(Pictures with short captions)
*** Block opens ***

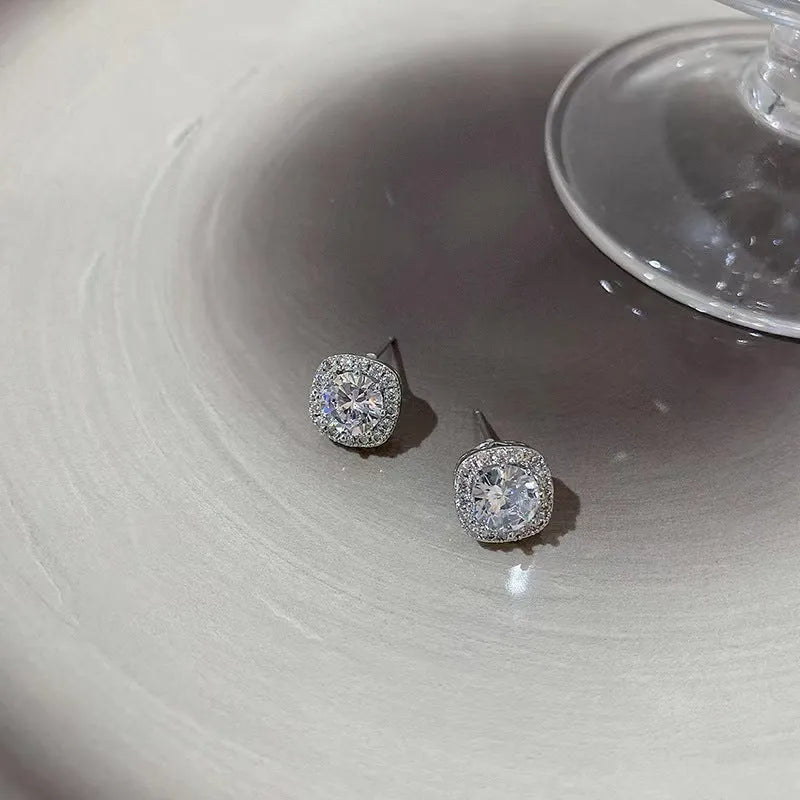 Square diamond geometric women's earrings in alloy metal, shown in silver and gold colour options.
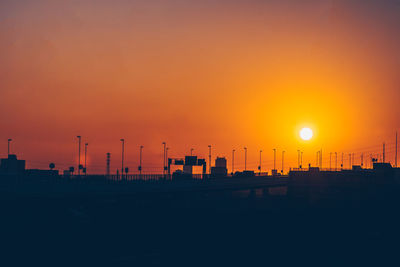 Silhouette buildings against sky during sunset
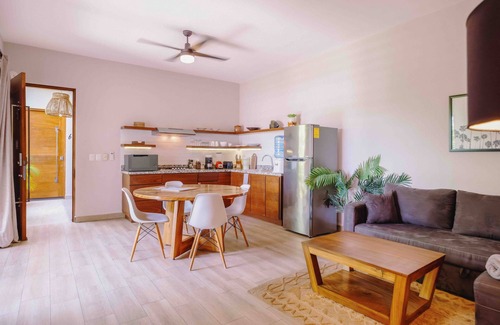 Colonos Cuzamil Apartment | Serviced 1-Bedroom Apartment · Rooftop BBQ + Pool · Bikes · Security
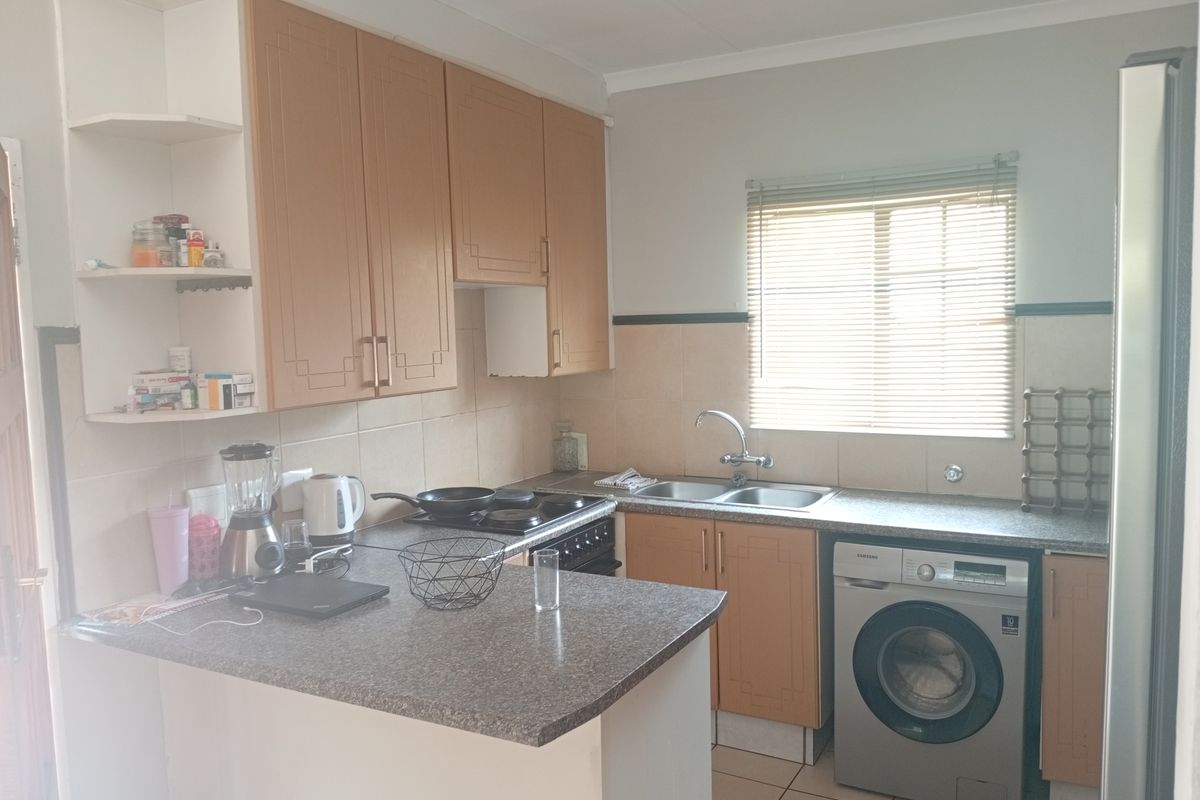 A functional kitchen featuring laminate cabinetry, granite-look countertops, a double bowl sink, and tiled splashbacks, offering a practical layout for daily use.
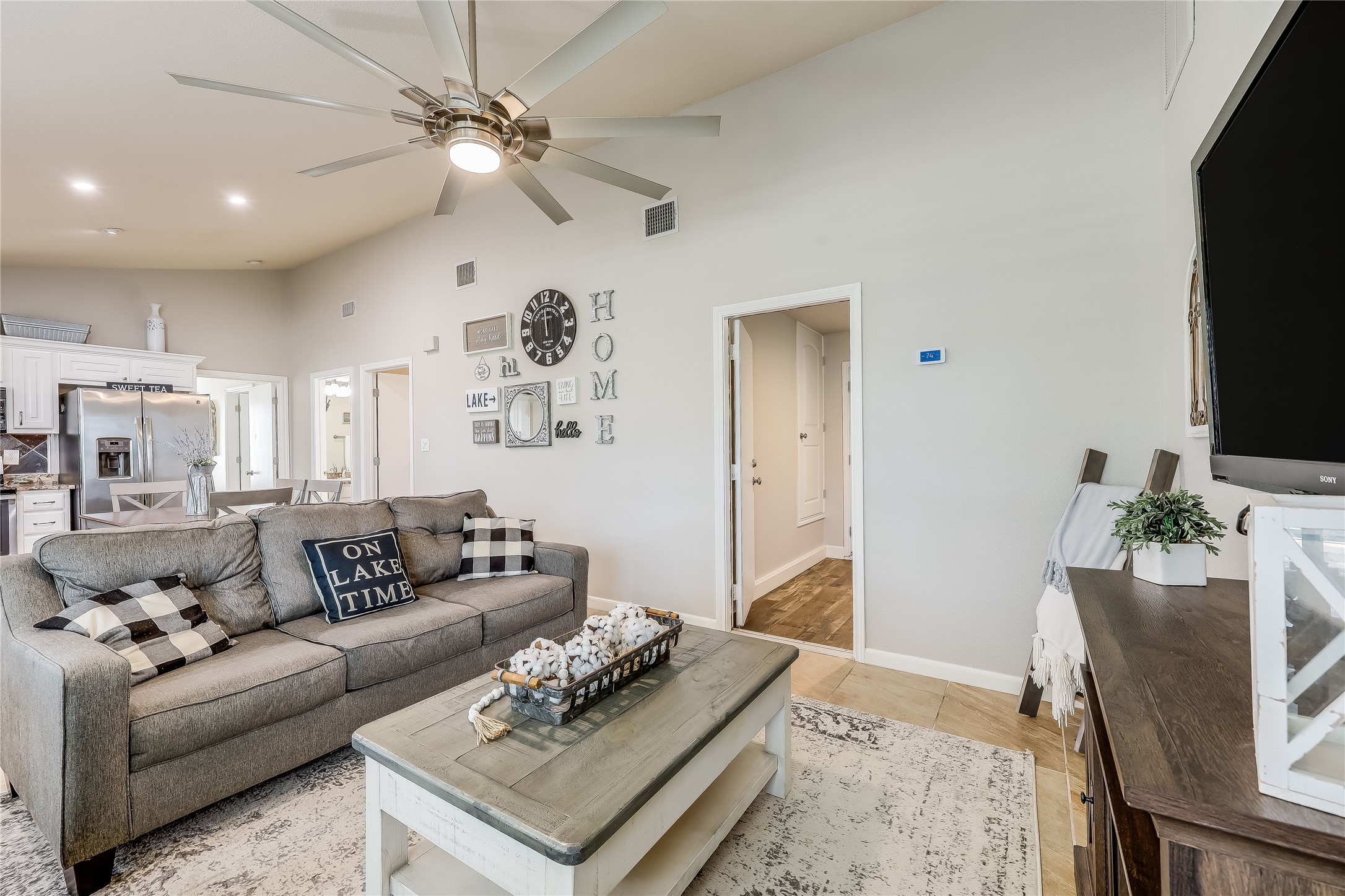 426 Summit Ridge Drive North Point Venture, TX 78645 - Photo 7 of 28 Tiled living room featuring high vaulted ceiling and ceiling fan
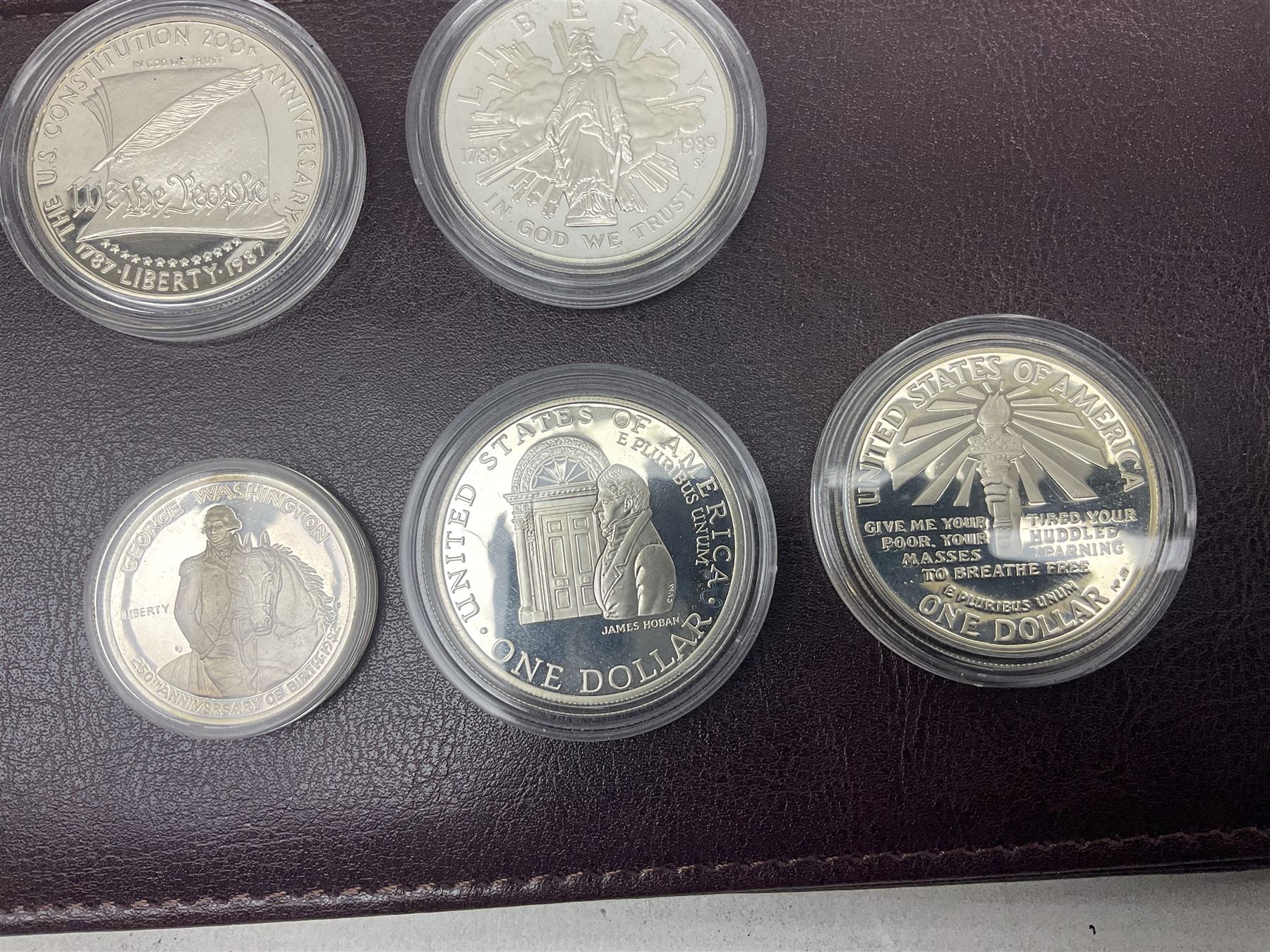 Five United States of America commemorative silver proof coins, comprising 1986, 1987, 1989, 1992 one dollars and 1982 half dollar, all with certificates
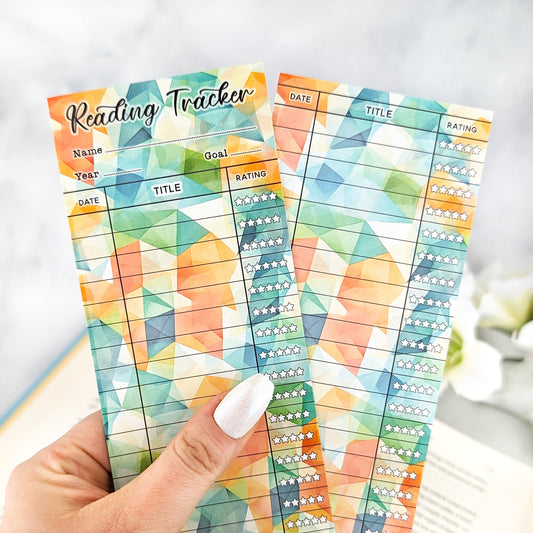 hand holding two bookmark reading trackers, one showing front and one the back. bookmark has a geometric background in green, orange, yellow colors, and the table to track and rate books read.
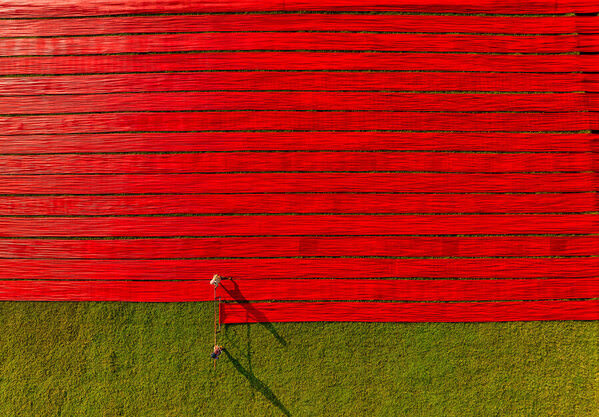 Photograph Azim Khan Ronnie Drying Red Cloths on One Eyeland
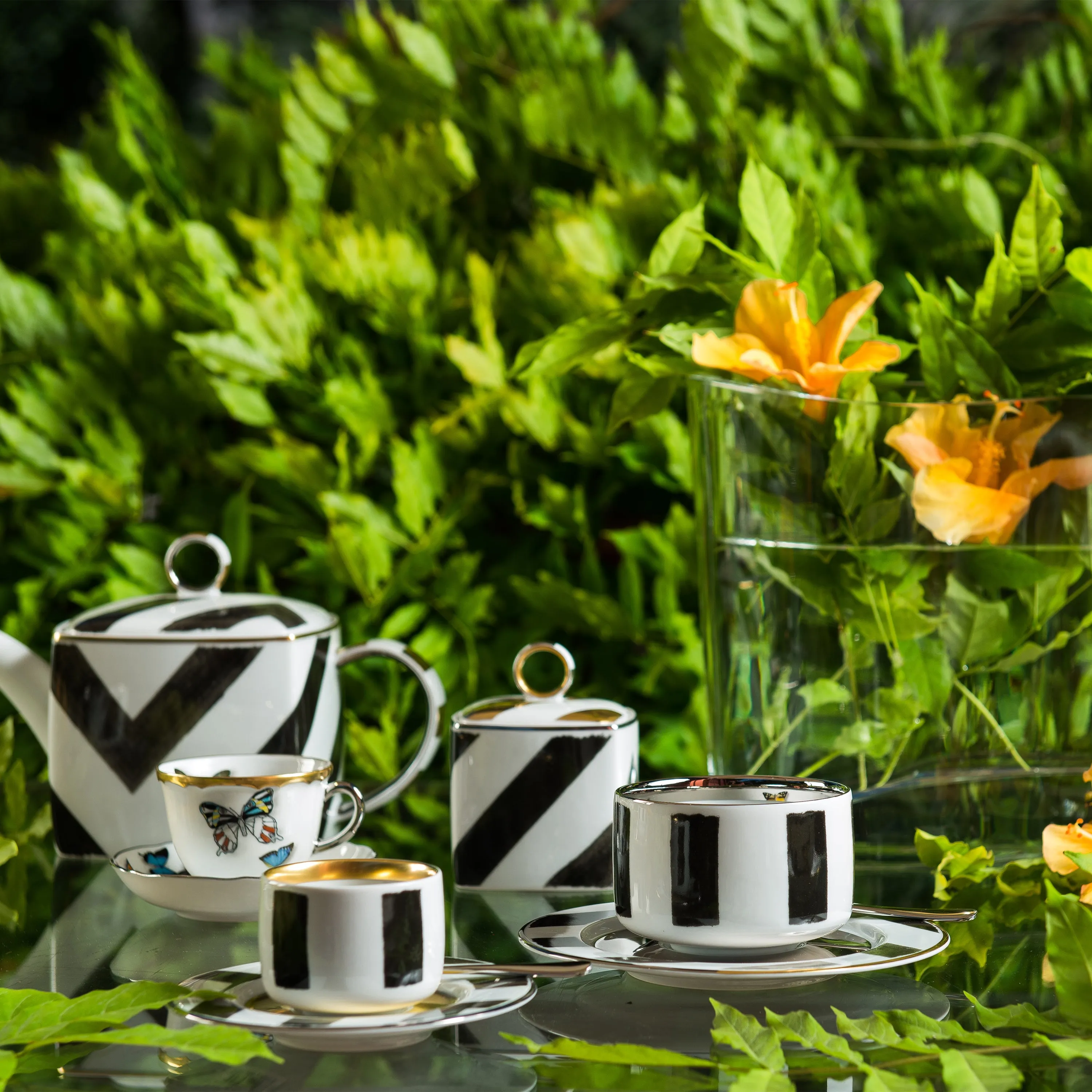 Sol Y Sombra Coffee Cup with Butterfly & Saucer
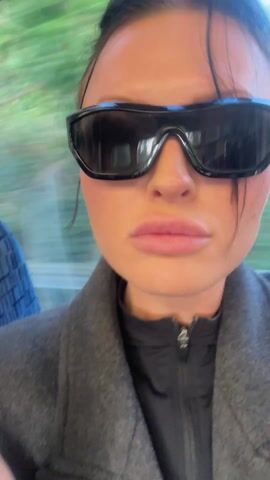 A woman wearing sunglasses and a gray coat is shown from the upper chest up, applying lip liner with a light-colored lip pencil. She is presumably on a moving train or bus based on the blurred background of trees and sunlight streaming through the window. Her nails are painted with a black and red design. She opens her mouth slightly to apply the lip liner.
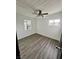 Cozy bedroom with hardwood floors, windows, and ceiling fan at 5013 Vermont Ave, Las Vegas, NV 89107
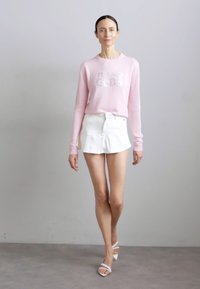 Light pink sweater with "IT AND GODS" in silver lettering, paired with a white pleated mini skirt and white strappy sandals.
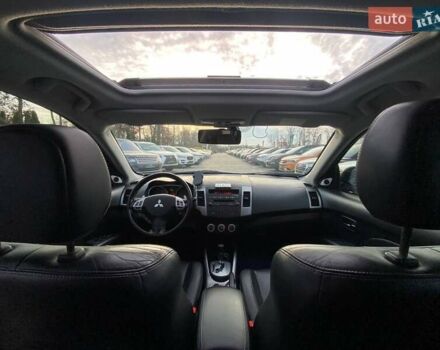 Синій Міцубісі Аутлендер, об'ємом двигуна 2.36 л та пробігом 282 тис. км за 9490 $, фото 46 на Automoto.ua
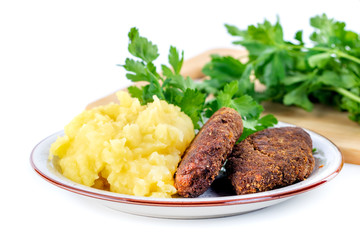 meatballs with mashed potatoes and parsley on a white background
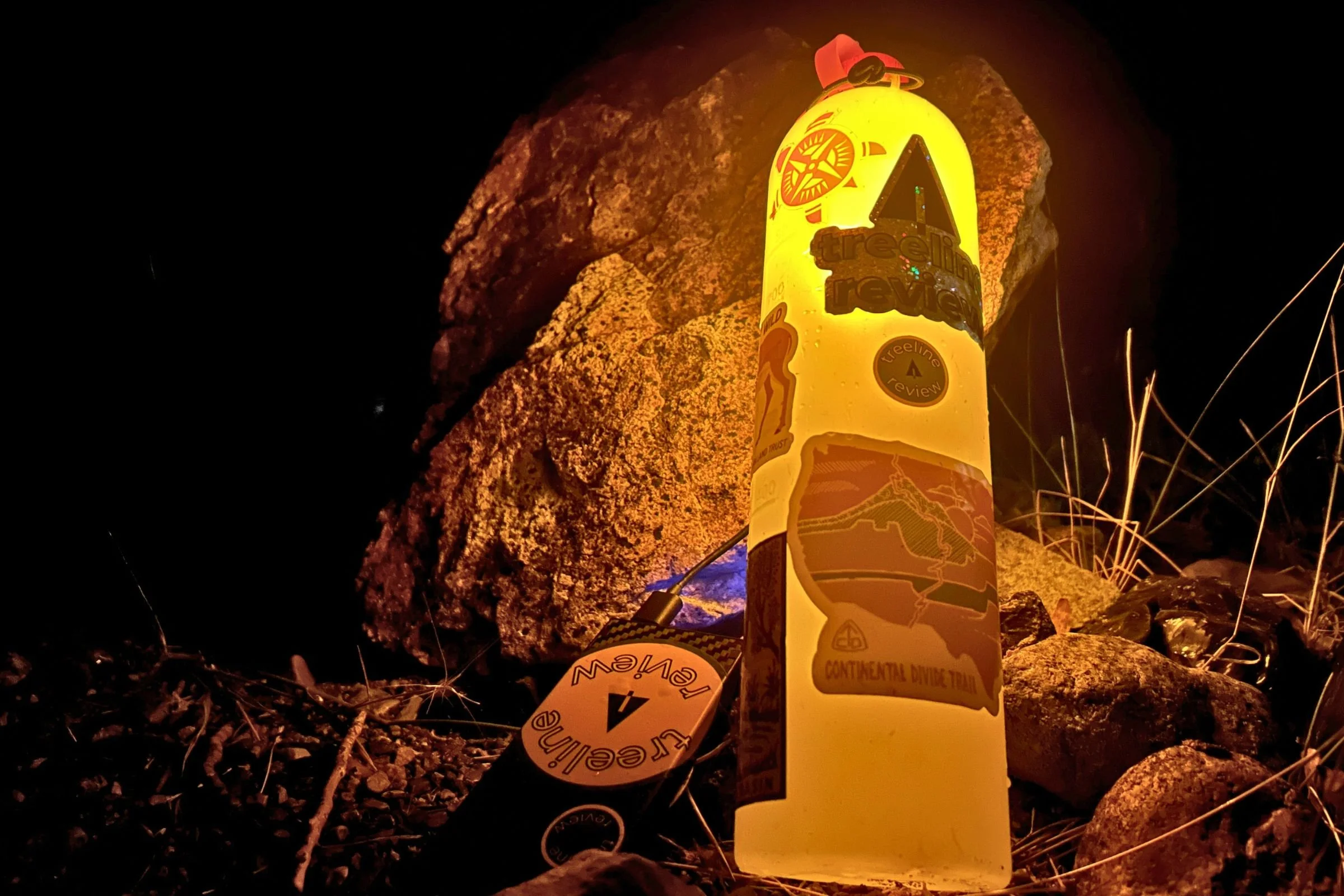   The Alpenblow Lux uses a standard water bottle as a diffuser for its warm lantern light, giving this tiny pad inflator another useful job at camp.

*** Block closes ***

§ **TASK STATEMENT**
Restate word for word the lines that begin at the one containing "meatballs with mashed" and end with the final line of the records. Pictures stay out.

§ **ANSWER FOR THE TASK**
 meatballs with mashed potatoes and parsley on a white background
   The Alpenblow Lux uses a standard water bottle as a diffuser for its warm lantern light, giving this tiny pad inflator another useful job at camp.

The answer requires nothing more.